Technology can be a grown up’s baby blanket. Without my trusty iPhone in hand, I couldn’t allay awkward silences with a quick thumb scroll. That meant that I was open to conversation with everyone from children on the street to my waiter in an empty restaurant. What ensued were lovely conversations, a few awkward silences, and even a suggestion from my waiter that he would present me with a few potential suitors for marriage on my next trip to India. Brilliant.

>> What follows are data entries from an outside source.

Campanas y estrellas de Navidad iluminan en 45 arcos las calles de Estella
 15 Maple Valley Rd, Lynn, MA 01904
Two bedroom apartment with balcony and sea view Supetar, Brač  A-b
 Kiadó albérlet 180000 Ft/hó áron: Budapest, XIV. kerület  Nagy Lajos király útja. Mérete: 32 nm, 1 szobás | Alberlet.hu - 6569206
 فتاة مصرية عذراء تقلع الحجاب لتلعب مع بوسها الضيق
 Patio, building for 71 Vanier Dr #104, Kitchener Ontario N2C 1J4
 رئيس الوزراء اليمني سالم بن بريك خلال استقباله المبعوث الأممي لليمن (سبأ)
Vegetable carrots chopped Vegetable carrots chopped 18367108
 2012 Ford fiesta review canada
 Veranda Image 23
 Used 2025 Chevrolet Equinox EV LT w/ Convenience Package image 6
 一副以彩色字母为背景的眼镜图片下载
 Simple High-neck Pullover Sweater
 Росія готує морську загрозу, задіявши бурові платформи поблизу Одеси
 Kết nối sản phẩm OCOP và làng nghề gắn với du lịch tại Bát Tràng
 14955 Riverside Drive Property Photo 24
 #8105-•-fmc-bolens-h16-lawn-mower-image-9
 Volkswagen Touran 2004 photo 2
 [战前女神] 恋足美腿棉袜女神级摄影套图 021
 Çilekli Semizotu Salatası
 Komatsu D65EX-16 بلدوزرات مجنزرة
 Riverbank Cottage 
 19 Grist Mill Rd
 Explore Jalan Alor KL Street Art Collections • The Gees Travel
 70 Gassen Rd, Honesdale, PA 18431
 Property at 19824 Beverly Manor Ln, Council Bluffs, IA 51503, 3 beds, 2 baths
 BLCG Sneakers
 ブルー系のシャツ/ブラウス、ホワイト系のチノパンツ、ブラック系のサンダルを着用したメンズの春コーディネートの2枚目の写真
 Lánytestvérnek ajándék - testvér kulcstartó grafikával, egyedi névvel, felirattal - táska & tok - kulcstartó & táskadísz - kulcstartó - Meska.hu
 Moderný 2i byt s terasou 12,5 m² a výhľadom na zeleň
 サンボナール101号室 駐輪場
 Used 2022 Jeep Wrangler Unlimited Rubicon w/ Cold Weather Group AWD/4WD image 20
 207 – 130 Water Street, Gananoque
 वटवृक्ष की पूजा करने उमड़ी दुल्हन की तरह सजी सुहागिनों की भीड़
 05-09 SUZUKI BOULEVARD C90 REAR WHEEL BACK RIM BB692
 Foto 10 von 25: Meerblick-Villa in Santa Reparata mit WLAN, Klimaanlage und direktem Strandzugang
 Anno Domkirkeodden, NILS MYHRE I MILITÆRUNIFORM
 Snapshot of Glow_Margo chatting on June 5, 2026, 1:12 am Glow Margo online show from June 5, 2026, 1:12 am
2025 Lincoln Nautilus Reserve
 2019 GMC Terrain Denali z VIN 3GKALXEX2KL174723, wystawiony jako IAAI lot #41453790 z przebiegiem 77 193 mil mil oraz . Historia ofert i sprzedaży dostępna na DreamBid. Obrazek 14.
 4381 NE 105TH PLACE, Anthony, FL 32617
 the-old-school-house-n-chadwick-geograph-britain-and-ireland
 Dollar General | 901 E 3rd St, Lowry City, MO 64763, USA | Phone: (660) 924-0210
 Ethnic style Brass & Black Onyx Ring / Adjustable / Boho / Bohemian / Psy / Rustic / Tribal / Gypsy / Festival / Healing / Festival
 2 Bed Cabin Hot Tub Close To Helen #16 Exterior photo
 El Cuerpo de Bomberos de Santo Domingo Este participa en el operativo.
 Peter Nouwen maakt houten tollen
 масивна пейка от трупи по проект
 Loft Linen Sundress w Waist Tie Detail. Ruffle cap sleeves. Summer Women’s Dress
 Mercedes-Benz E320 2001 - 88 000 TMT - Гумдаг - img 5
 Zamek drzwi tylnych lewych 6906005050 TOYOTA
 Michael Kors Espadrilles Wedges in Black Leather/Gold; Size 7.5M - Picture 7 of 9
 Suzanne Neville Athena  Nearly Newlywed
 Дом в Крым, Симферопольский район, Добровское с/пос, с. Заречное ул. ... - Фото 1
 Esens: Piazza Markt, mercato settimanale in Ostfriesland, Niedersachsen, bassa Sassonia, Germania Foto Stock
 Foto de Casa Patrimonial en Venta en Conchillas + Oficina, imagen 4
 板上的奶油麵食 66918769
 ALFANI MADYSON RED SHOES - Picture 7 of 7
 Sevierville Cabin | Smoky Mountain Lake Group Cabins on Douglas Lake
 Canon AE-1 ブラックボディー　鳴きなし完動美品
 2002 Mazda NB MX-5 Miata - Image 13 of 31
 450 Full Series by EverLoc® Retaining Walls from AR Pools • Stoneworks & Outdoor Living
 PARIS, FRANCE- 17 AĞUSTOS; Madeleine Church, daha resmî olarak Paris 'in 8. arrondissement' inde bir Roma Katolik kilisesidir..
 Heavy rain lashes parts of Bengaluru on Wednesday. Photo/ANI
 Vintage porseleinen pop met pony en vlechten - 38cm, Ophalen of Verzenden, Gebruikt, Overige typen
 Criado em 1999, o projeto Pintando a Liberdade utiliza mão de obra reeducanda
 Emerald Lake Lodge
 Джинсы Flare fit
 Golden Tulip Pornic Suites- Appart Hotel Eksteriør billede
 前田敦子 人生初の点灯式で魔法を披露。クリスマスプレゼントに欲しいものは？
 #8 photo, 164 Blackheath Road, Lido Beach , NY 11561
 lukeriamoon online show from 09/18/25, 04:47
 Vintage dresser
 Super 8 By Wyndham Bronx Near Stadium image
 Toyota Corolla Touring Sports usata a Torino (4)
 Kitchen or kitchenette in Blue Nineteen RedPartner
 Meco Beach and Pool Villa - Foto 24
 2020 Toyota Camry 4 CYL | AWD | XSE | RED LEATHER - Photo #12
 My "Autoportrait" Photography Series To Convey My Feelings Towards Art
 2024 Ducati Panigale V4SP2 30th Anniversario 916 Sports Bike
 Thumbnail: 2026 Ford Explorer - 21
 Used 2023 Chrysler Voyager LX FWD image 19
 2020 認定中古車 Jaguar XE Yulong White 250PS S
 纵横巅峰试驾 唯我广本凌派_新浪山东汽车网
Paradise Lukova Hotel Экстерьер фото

It’s harder to type from the heart. As I sat in the car, no iPad in hand, I started to scribble in my retro blue notebook. Pictures, questions, words, notes. Half baked thought-lets. Random and haphazard. Notes upon other notes. Old feelings. New ideas. New questions. New plans. It’s hard to see connections between different thoughts or doodle and scribble into a random stroke of genius when working in digital rows and boxes. Typing makes me feel like I have to create a finished, purposeful “something”… but often those “somethings” come from chicken-scratched nothings that are much more intuitively generated and connected.
I missed my technology. In a world where every experience is new, from the bed I wake up in to the flavors I eat, and the language I hear and use, I crave the comfort of a text from my mom, a comment from a friend, or a status update from someone I’ve known since age five. But at the same time, constant connection to another place makes each present experience less saturated and rich. I really experienced my meals, immersed into new people and places, and felt where I was when I let go of my glowing, vibrating and flashing devices.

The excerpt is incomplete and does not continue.